**Work required**
For this exercise, output exactly and only the lines running from the one with "Gravure de 1874" through the final line of the data below, without pictures.

+++ Available data

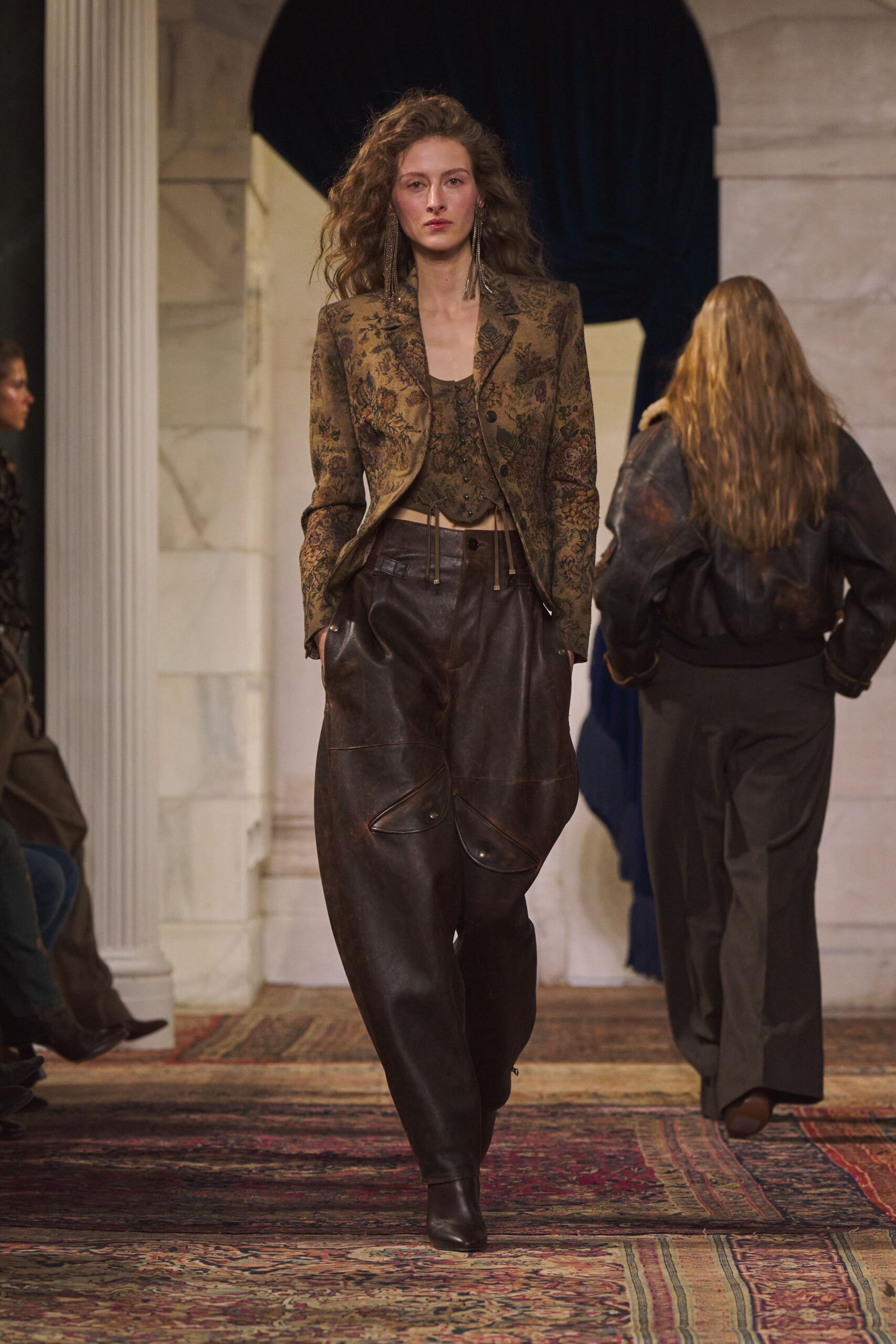 brown leather long-sleeve collared fitted embroidered jacket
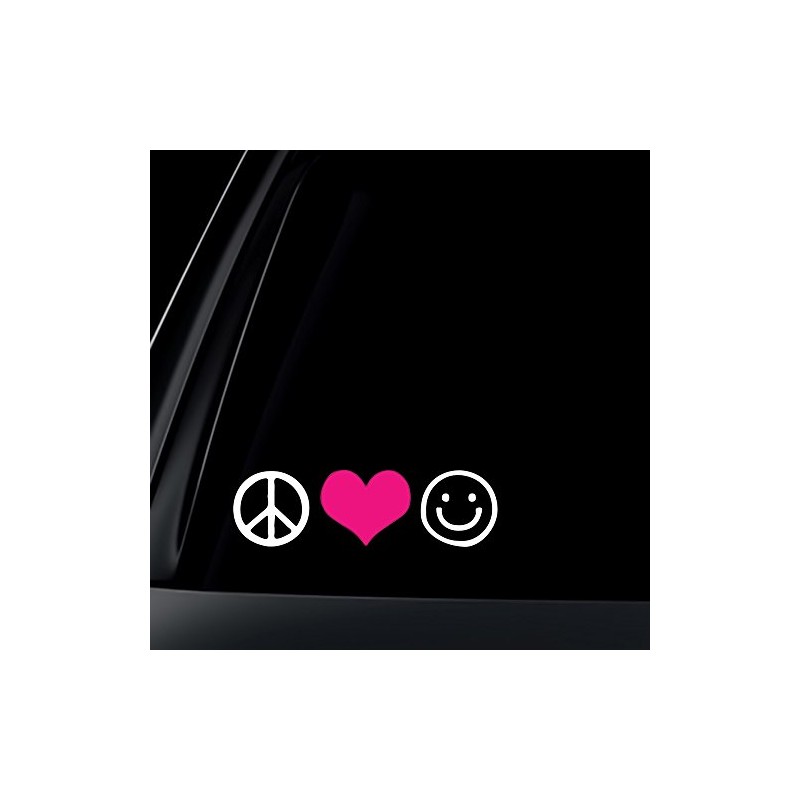 World Design Peace Love Happiness with Pink Heart Car Decal/Sticker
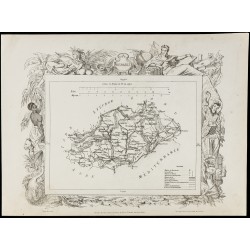 Gravure de 1874 - Carte ancienne de l'Herault & Ile-et-Vilaine - 2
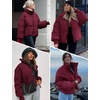 image:imageFlygo Winter Cropped Puffer Jacket Coats for Women 2026 Short Warm Quilted Jackets Outerwear with PocketsBurgundy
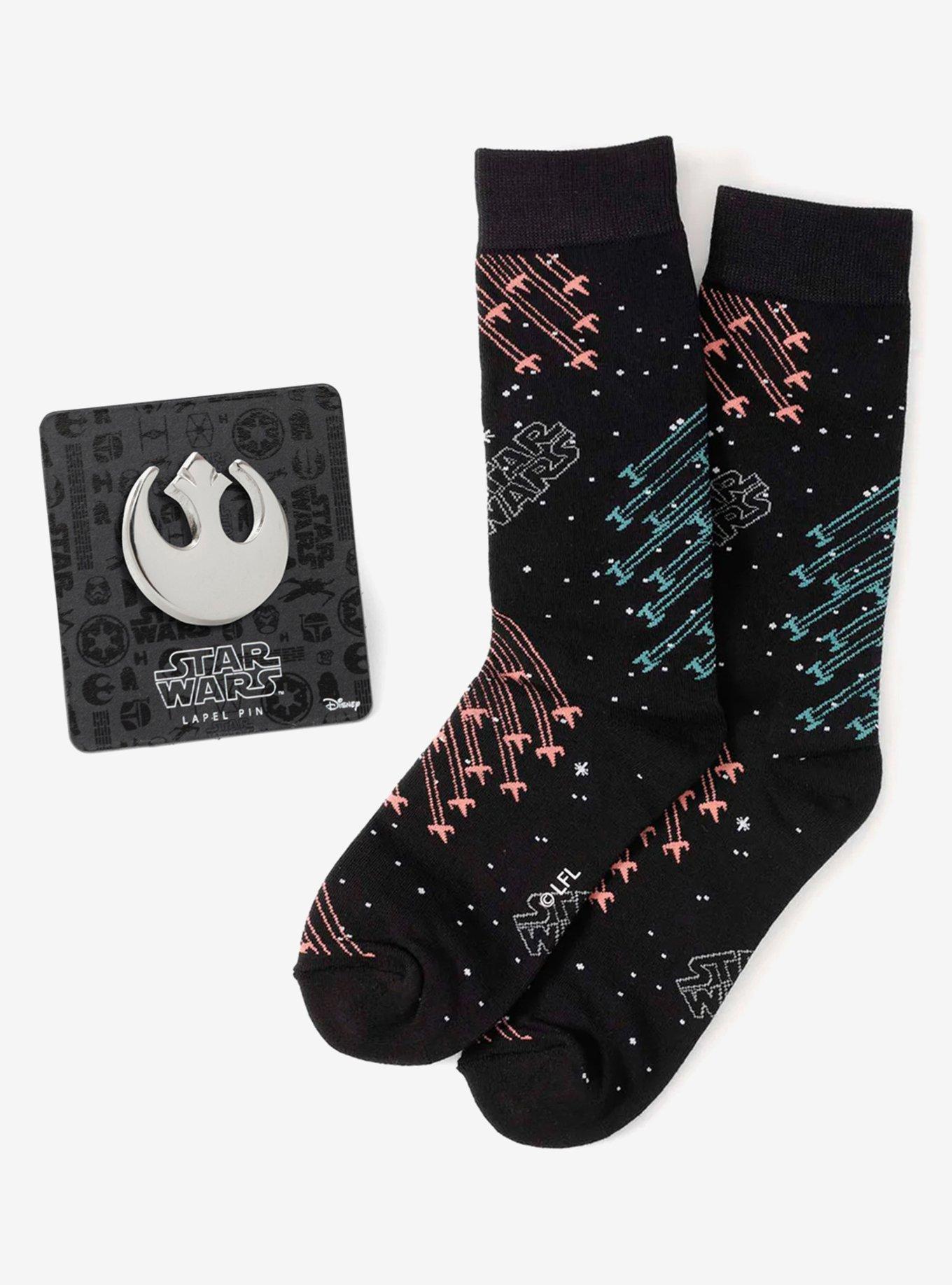 Star Wars X-Wing and TIE Fighter Battle Dress Socks and Lapel Pin Gift Set, , hi-res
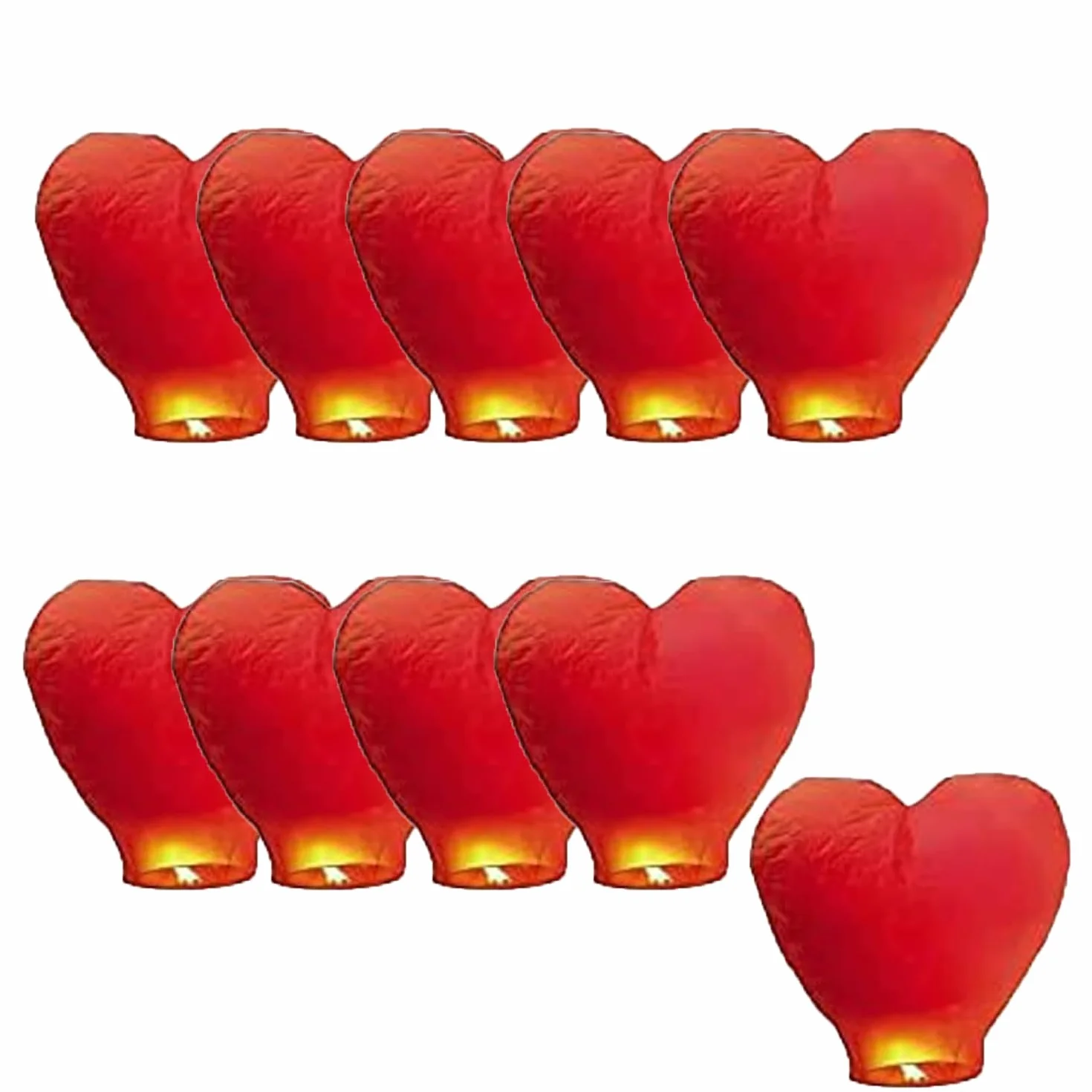 Lanterne celesti cinesi carta volanti desiderio compleanno matrimonio anniversario festa rosso 10pcs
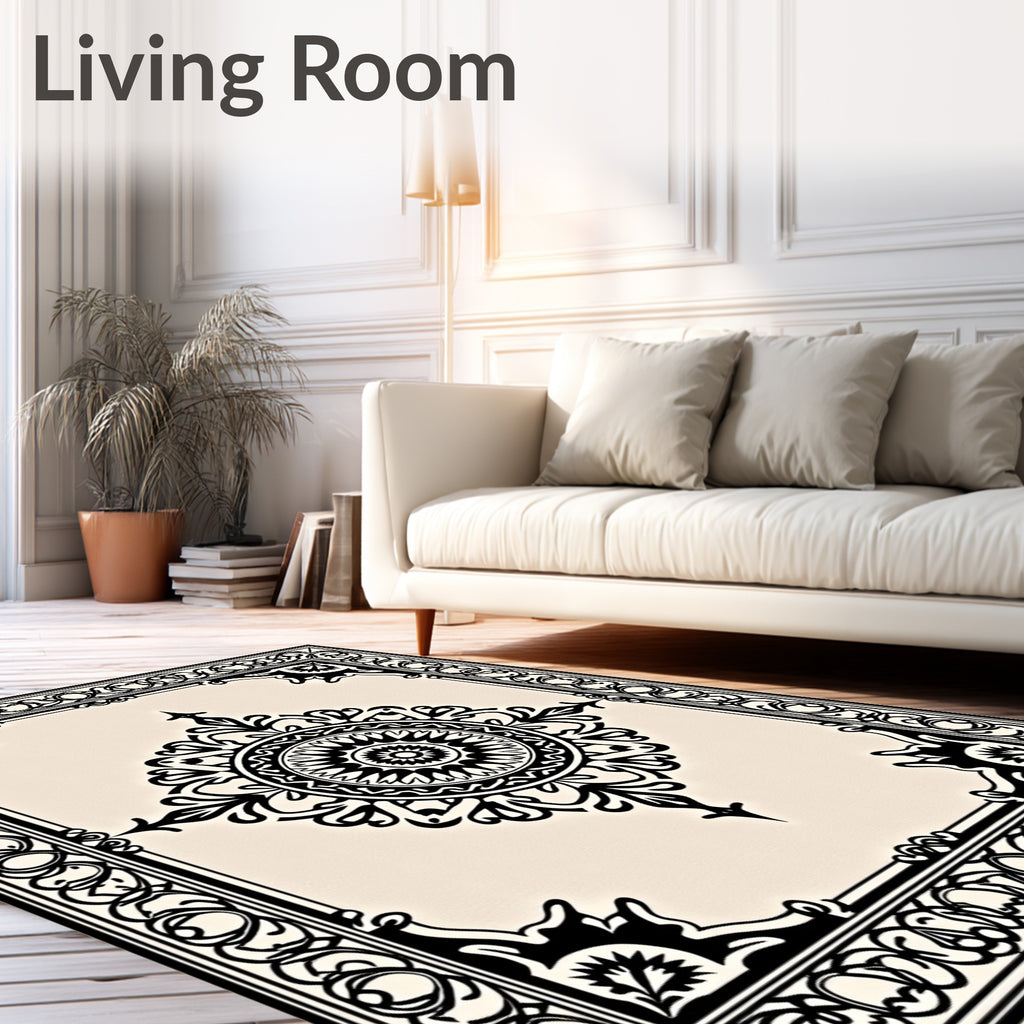 Classic Black Cream Ornate Medallion Rug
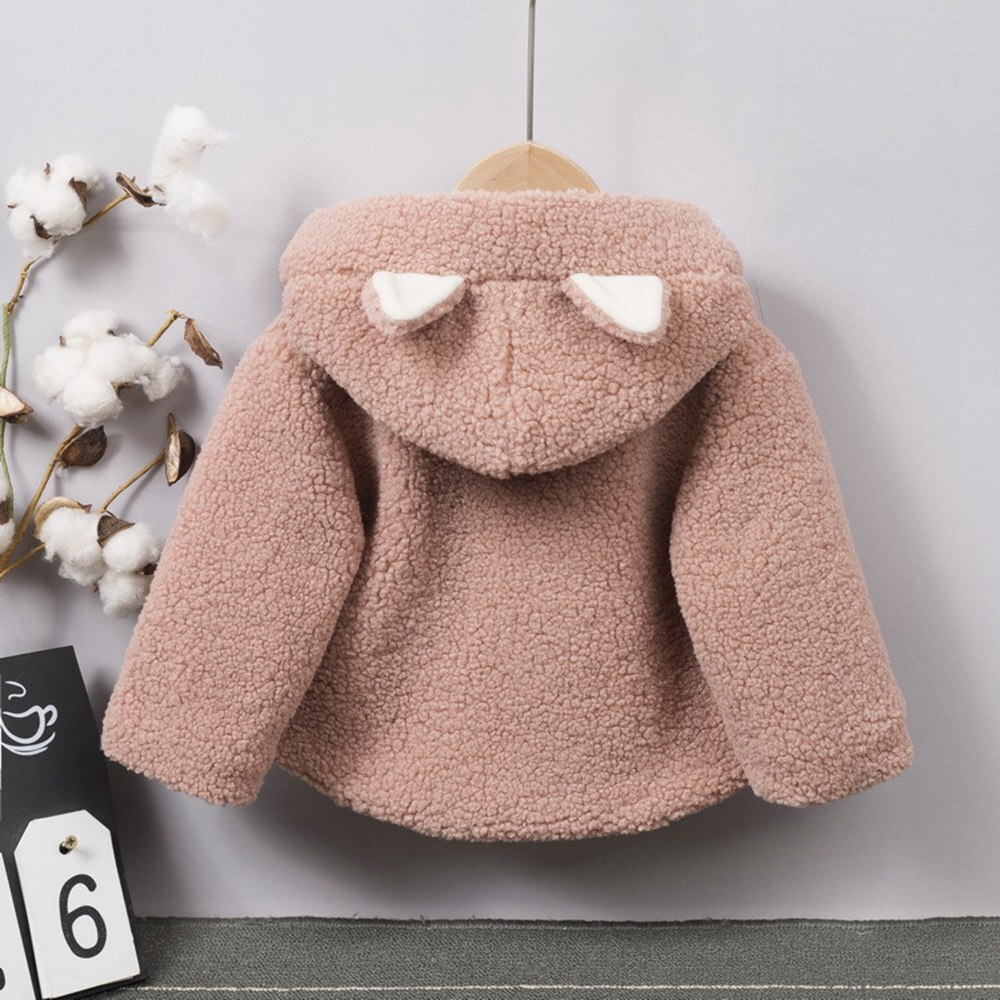 Winter Jongens Meisjes Kids Jas Warme Fluwelen Fleece Jassen Kinderen Baby Zuigelingen Oor Hooded Thicken Uitloper Parka Casacos S11340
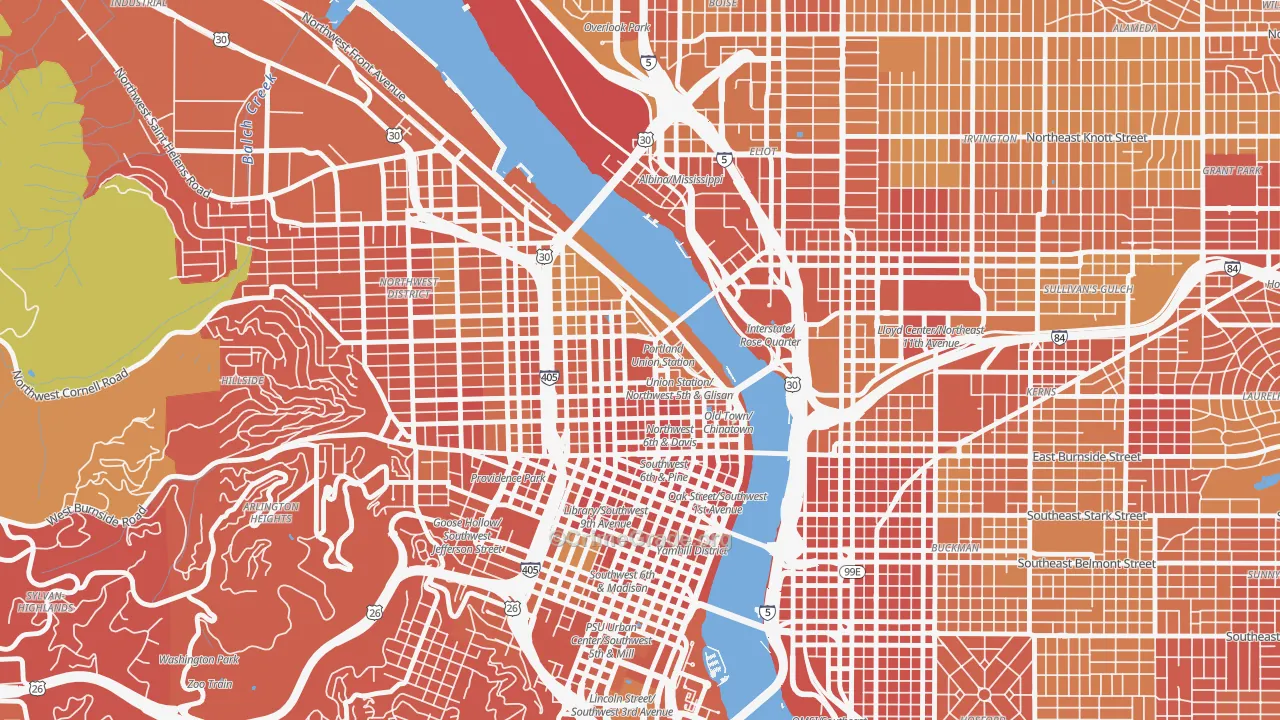 97208, OR Map of Vehicle Theft Rates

++++++

**Output**
 Gravure de 1874 - Carte ancienne de l'Herault & Ile-et-Vilaine - 2
 image:imageFlygo Winter Cropped Puffer Jacket Coats for Women 2026 Short Warm Quilted Jackets Outerwear with PocketsBurgundy
 Star Wars X-Wing and TIE Fighter Battle Dress Socks and Lapel Pin Gift Set, , hi-res
 Lanterne celesti cinesi carta volanti desiderio compleanno matrimonio anniversario festa rosso 10pcs
 Classic Black Cream Ornate Medallion Rug
 Winter Jongens Meisjes Kids Jas Warme Fluwelen Fleece Jassen Kinderen Baby Zuigelingen Oor Hooded Thicken Uitloper Parka Casacos S11340
 97208, OR Map of Vehicle Theft Rates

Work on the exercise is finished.